Sunday, August 2, 2009

Trial of Joan of Arc (dir. Robert Bresson, 1961)




Nowhere is Bresson's belief that all "art lies in suggestion" more apparent than in his 1961 film, "Trial of Joan of Arc." Blindingly economical, weighing in at only 65 minutes, Bresson stripped the film down to its absolute essentials, exposing Joan's interior struggle and delivering an intense, rapid sequence of events. He also managed to give us one of the most accurate – and sincere – portraits of Joan by laboriously excerpting the film's dialogue verbatim from the transcripts of her original hearings and her posthumous rehabilitation trial.

At the time of its making, the popular image of Joan was that of an "earthy" peasant shepherdess and captain, a sexist stereotype furthered by Hollywood's numerous dramatizations of Joan's life.

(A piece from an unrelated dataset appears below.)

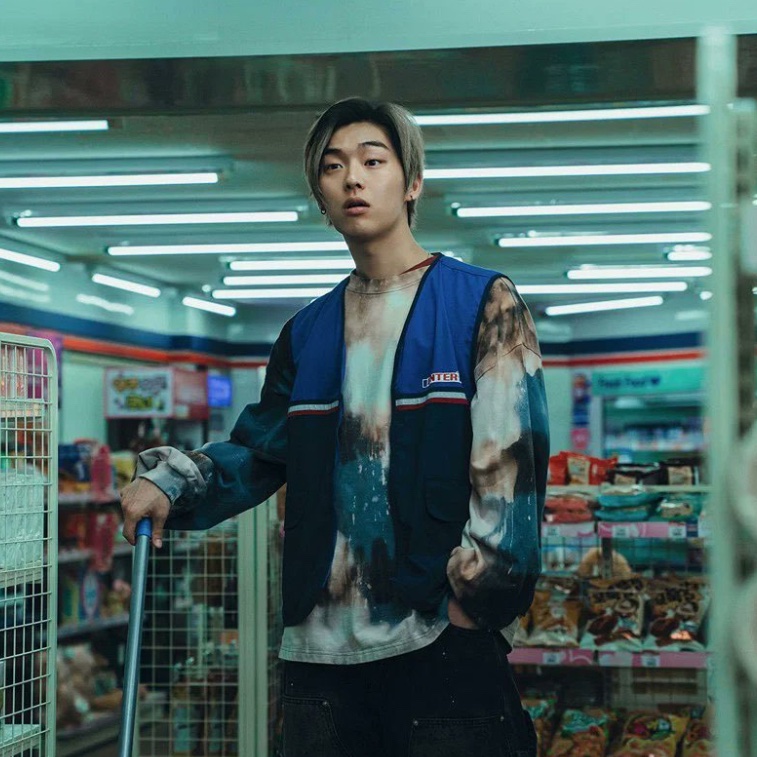 shseyaoholic's tweet photo. whateverhisnameis being pissed at his twin brother lee kang for constantly flirting with the cashier instead of being useful https://t.co/f1KJP68HM5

Bresson wisely avoids cliché, instead presenting to us a beautiful, intelligent women, a defiant philosopher of the soul simultaneously afflicted with self-doubt and fearful of her impending death. Rejecting historical reconstruction and concealing the layouts of the hearing room, jail cell, and outdoor arena where her public execution takes place, Bresson dislodged Joan from her historical setting and brought her into the present. He repeated this technique throughout his career, from his early film "The Ladies of the Bois de Boulougne" (an adaptation of Diderot's Jacques le fataliste) to his final masterpiece "L'Argent" (taken from Tolstoy's short novel The False Coupon).

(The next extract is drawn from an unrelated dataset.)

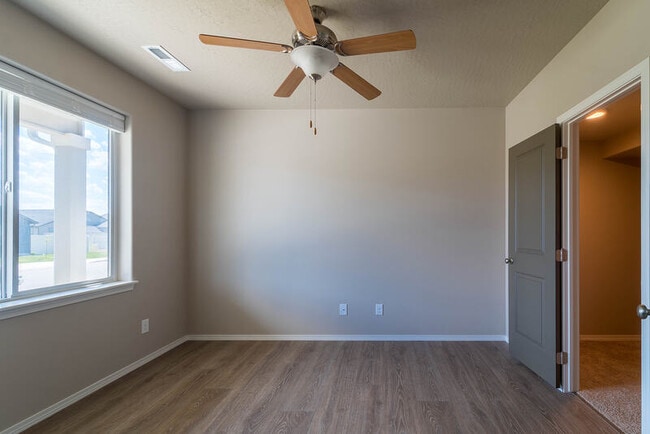 Building Photo - 705 Condor Dr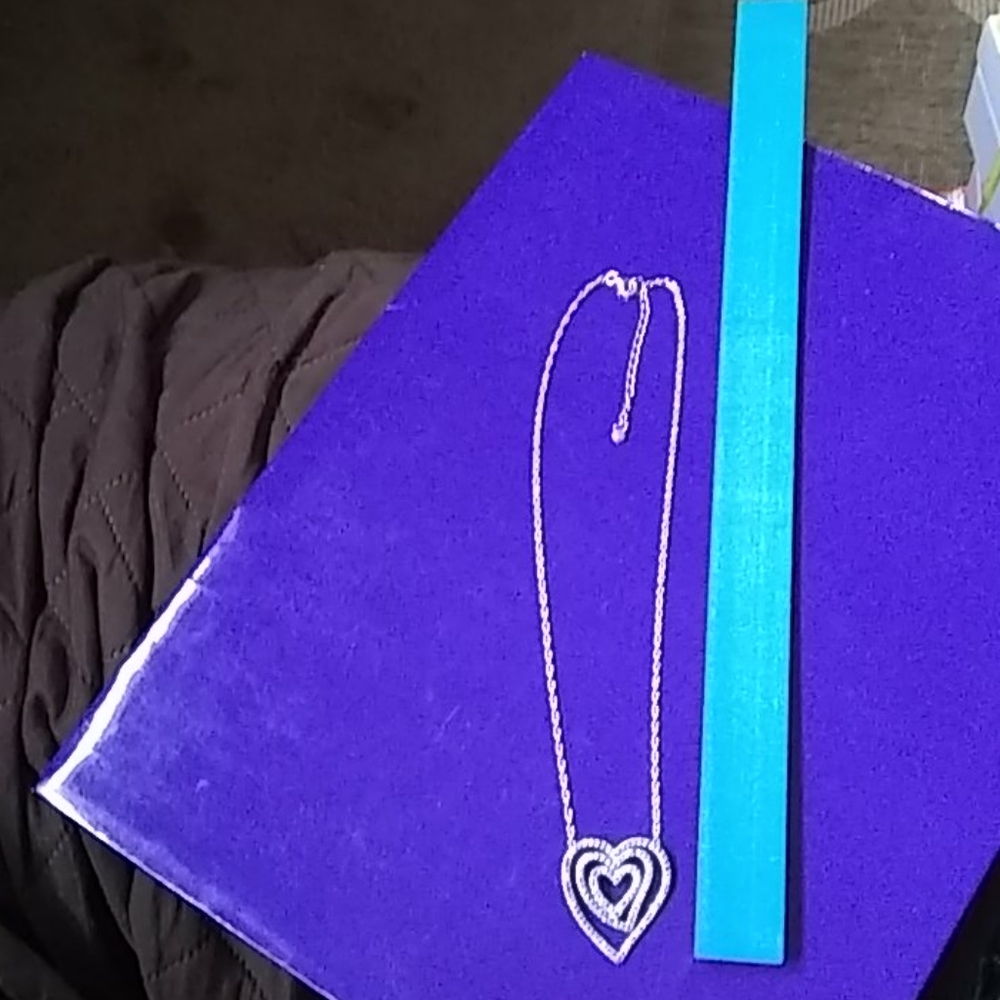 Beautiful Solid Silver Heart Necklace - image 3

In his attempt to present a paired-down, near-documentary version of reality, Bresson further pruned his already spare cinematic arsenal. "Trial" was the first of his mature works to avoid narration, a technique he had become associated with in his previous three films ("Pickpocket," "A Man Escaped," and "Diary of a Country Priest"). He also eliminated a score for the film, leaving only the drum and bugle core to accompany Joan on her death march to the stake. His reasons were two-fold. On the one hand, he felt that given the brevity of the film, a score could only get in the way of the essence of Joan's struggle; but more importantly, he heard in the text of the trial and in the rhythms of the exchanges between Joan and the priests a musical symphony all its own. His success with eliminating a score from "Trial" likely encouraged him to later reject the use of music in his films entirely, stating, "Music takes up all the room and gives no increased value to the image to which it is added. The noises must become the music."

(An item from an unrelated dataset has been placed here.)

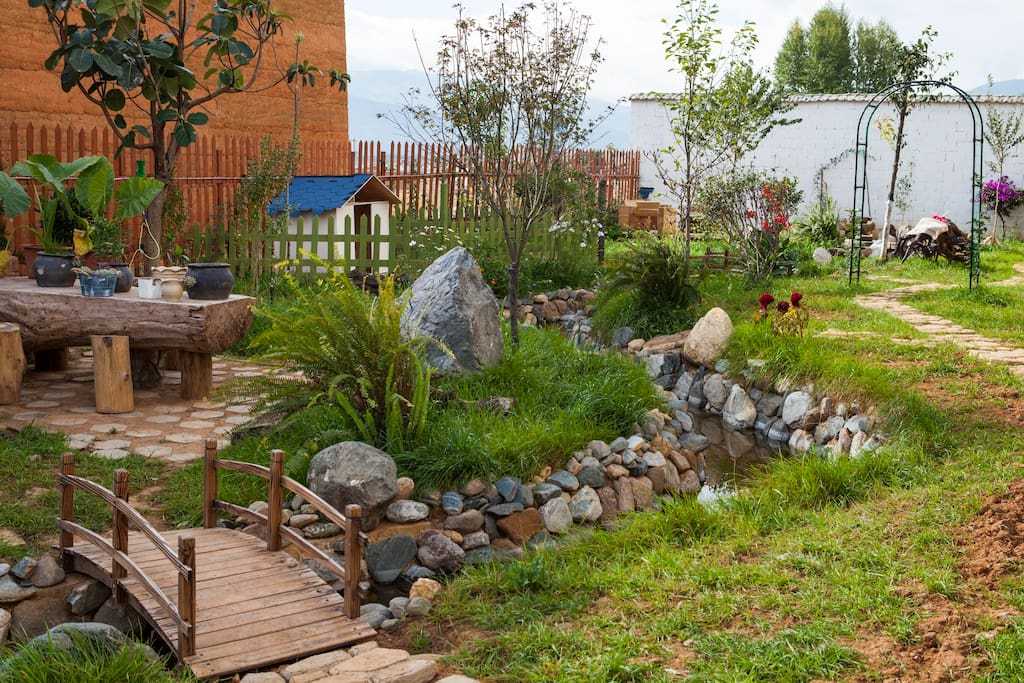 11个庭院花园设计案例 有了花草点缀 院子赏心悦目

Perhaps the most striking element of the film is the way in which Bresson elevates Joan from those around her. From the very outset, Joan is photographically isolated from her earthly surroundings, a
separation that continues all the way to the end when she's finally
expelled from this world by fire. Though she is often present in the same room with her interrogators, they never inhabit the same image, severing their inter-relationships and precluding the possibility of reconciliation. The effect focuses us on Joan's silent struggle with herself, her soul, amplifying our own senses and making us hyper-aware of even the tiniest lilt in her voice or crease in her brow.

When Bresson accepted the Jury Prize for "Trial" at Cannes 1962, Otto Preminger stated, "We all have our Joan, but yours is the best." Yet over the years, this film somehow hasn't managed to gain the recognition and following it deserves, possibly overshadowed by the much more well-known "The Passion of Joan of Arc" by Carl Theodore Dreyer and crowded out of an innumerable field of popular dramatizations. It's a tremendous loss, since "Trial" is both unique among its peers and easily one of Bresson's finest achievements.

Last Word: "Trial" is a stunning tour-de-force of minimalist economizing that transcends the historical constraints of the events and delivers a Joan timeless and eternal.